Though there are no photographs of the most horrific aspects of slavery, the lynching images illustrate the brutality not only of these specific events, but of a system of American racial oppression.

"It's not deniable," says Allen, who is pleased with how the show turned out. "It's the evidence." To face these images as a white person, he says, "you've got to be willing to face black rage, you've got to be willing to face the shame that your grandparents were not willing to face."

John Crawford of Atlanta says he visited the exhibition on the day it opened and once more since. He may return, perhaps as part of a family reunion next month. A retired lab technician, Crawford, 70, is the grandson of Anthony Crawford, a successful black cotton planter with more than 400 acres in Abbeville County, S.C.
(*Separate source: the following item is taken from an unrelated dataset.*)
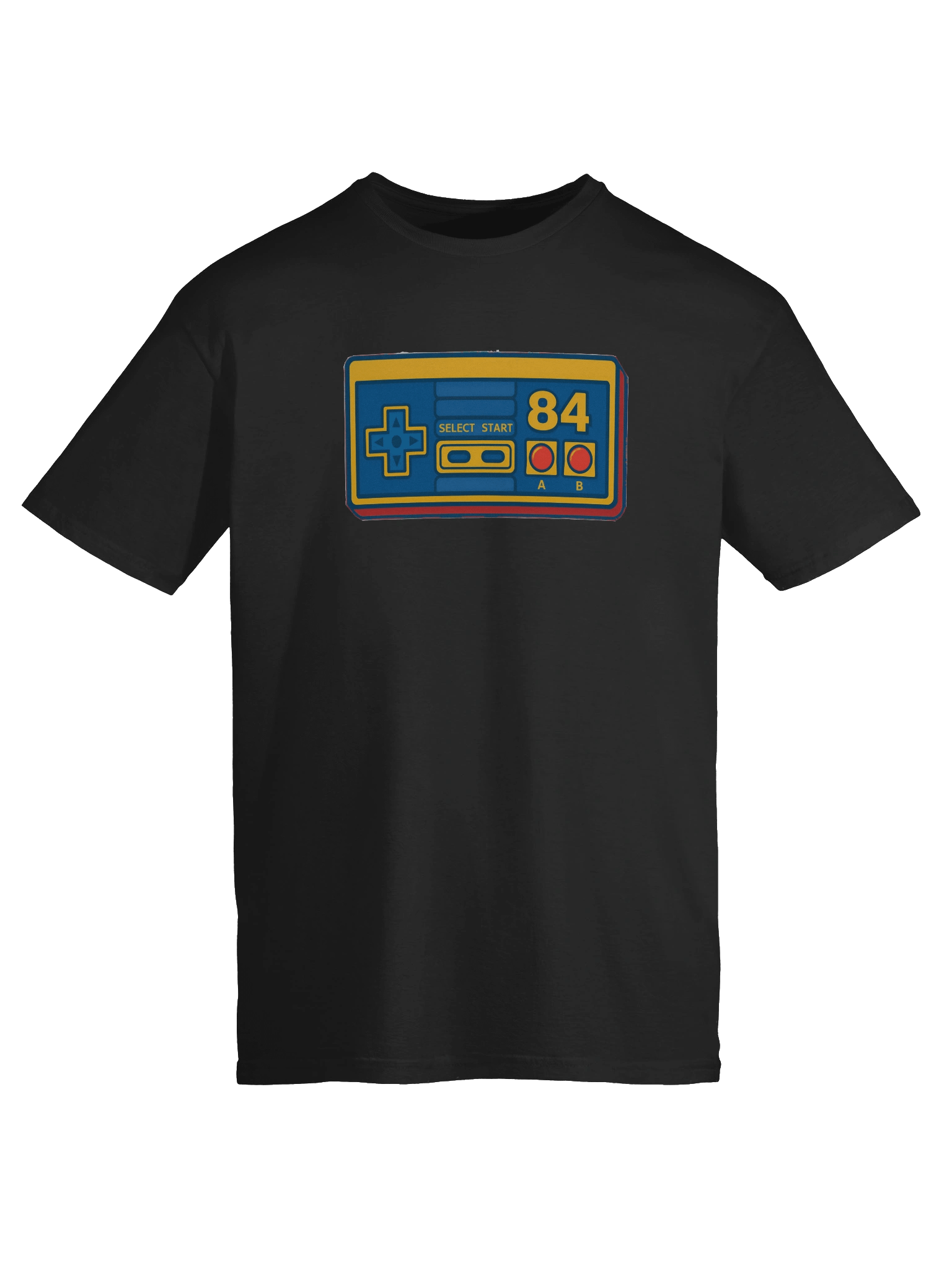 Retro Gaming Controller Tee product image (8)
On Oct. 21, 1916, after an argument with a white man over the price of cottonseed, Anthony Crawford was assaulted and exchanged blows with two men, then was jailed. A mob of 200 men overpowered jail guards, removed him from his cell and dragged him through town with a rope around his neck. He was then strung from a pine tree and shot to pieces.

John Crawford never knew his grandfather and found no image of him in the exhibition. But a written display panel told the story Crawford had heard before among family members.

"I believe I was more sad than angry" during the visit, he says. The exhibition, he says, has been "a step in the right direction" of bringing such stories into the open.

"Let's talk about it, that would be a big step," he says. "There's just a lot to be done."